## Exercise description:
Everything from the line that contains "Serene 3D Anime Morning Wake-Up Scene" to the final line of the data, both ends included, must be set down exactly, apart from the pictures.

## Raw data:
# # # # # # #
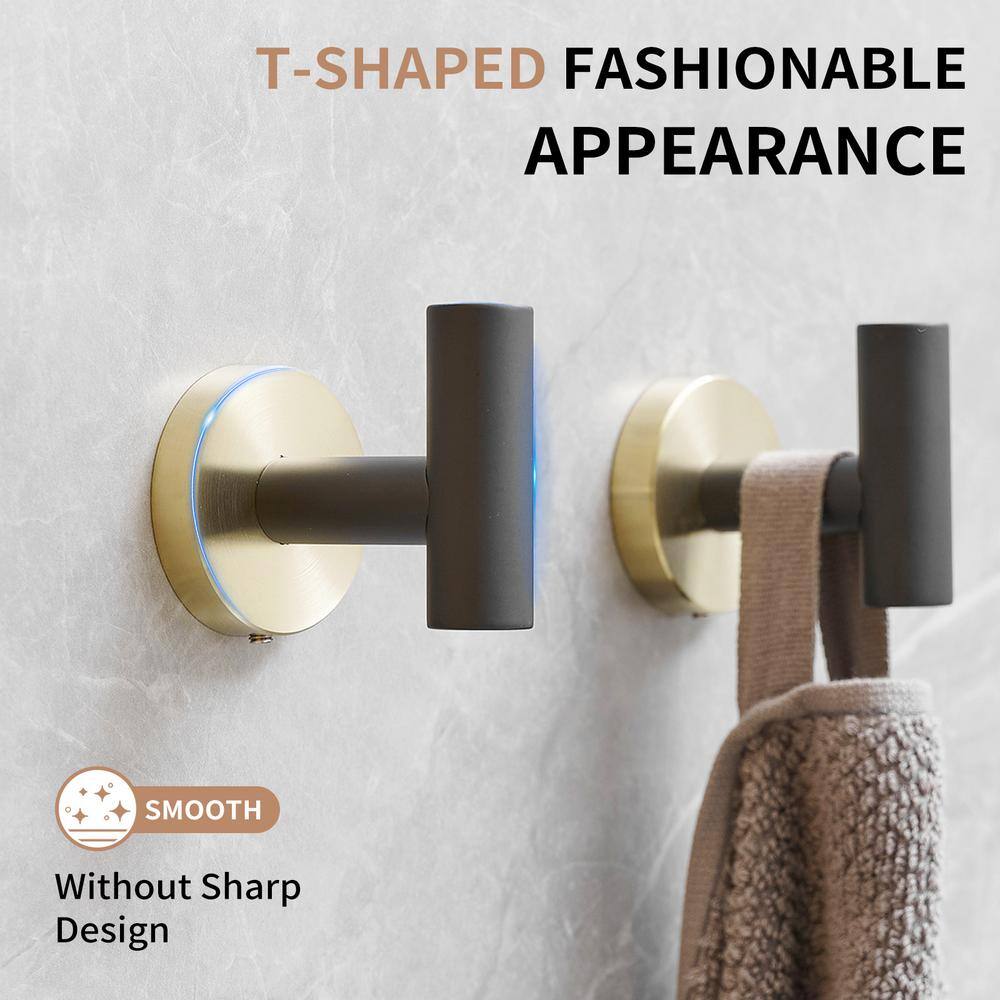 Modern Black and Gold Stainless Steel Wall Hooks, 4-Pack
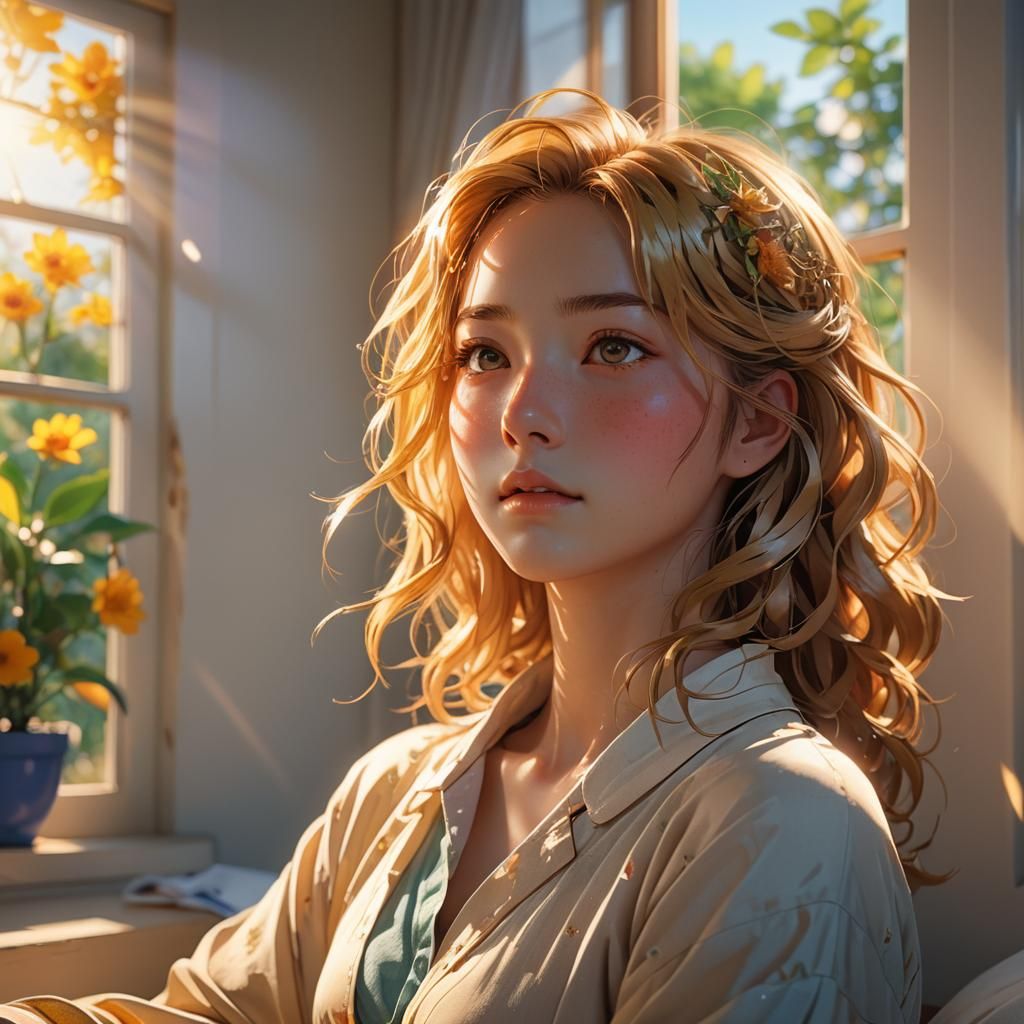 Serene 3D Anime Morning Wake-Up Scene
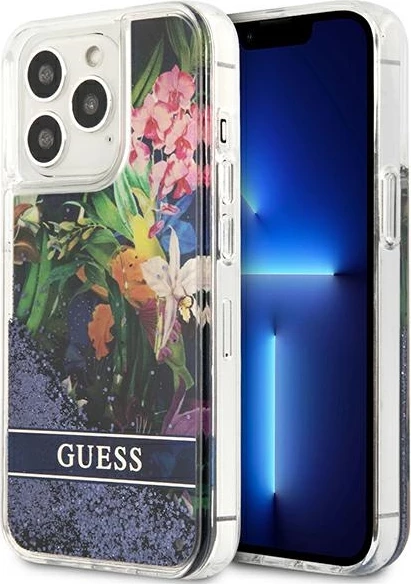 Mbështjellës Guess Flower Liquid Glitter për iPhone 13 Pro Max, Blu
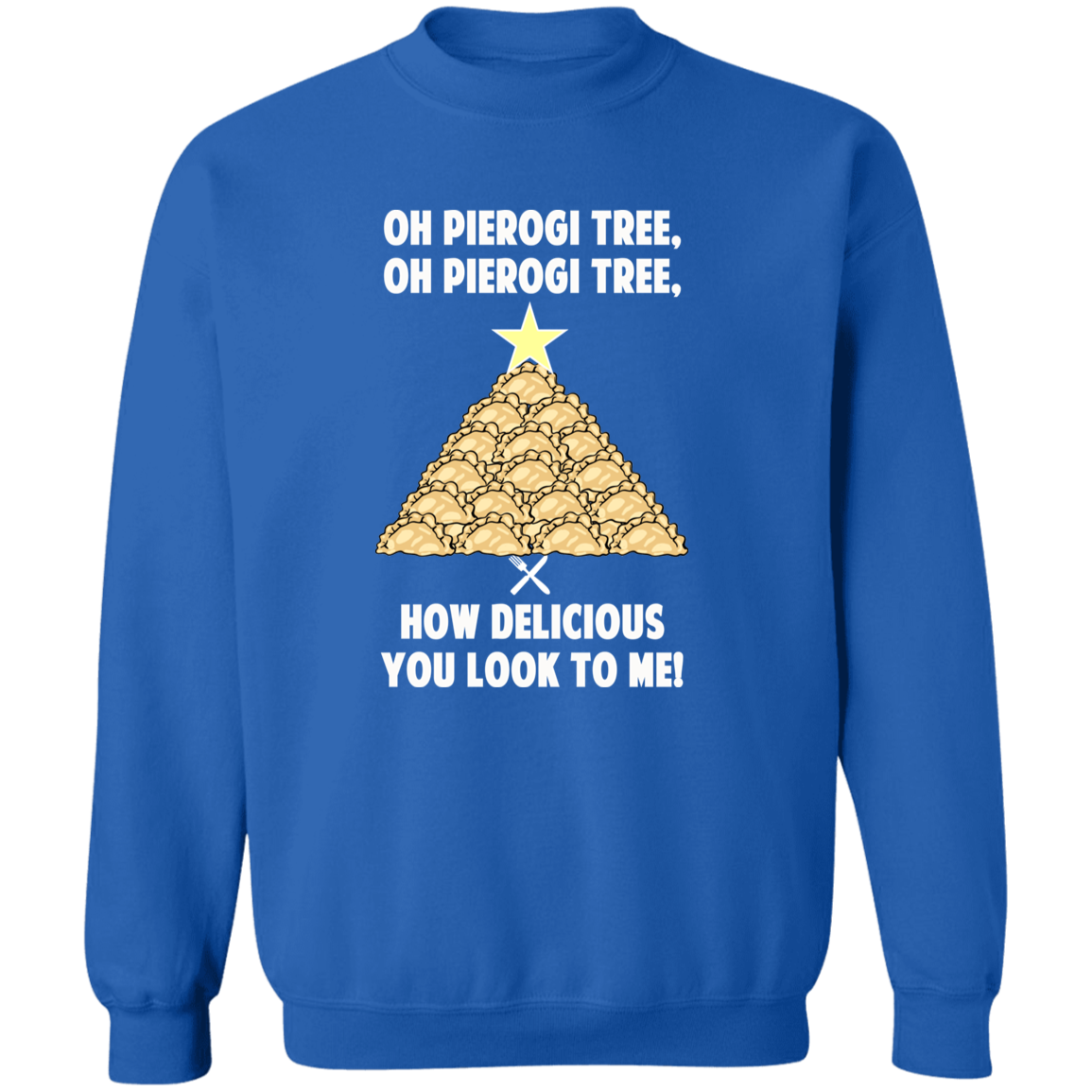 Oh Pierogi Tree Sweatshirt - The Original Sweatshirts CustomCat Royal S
# # # # # # #
## Worked solution:
 Serene 3D Anime Morning Wake-Up Scene
 Mbështjellës Guess Flower Liquid Glitter për iPhone 13 Pro Max, Blu
 Oh Pierogi Tree Sweatshirt - The Original Sweatshirts CustomCat Royal S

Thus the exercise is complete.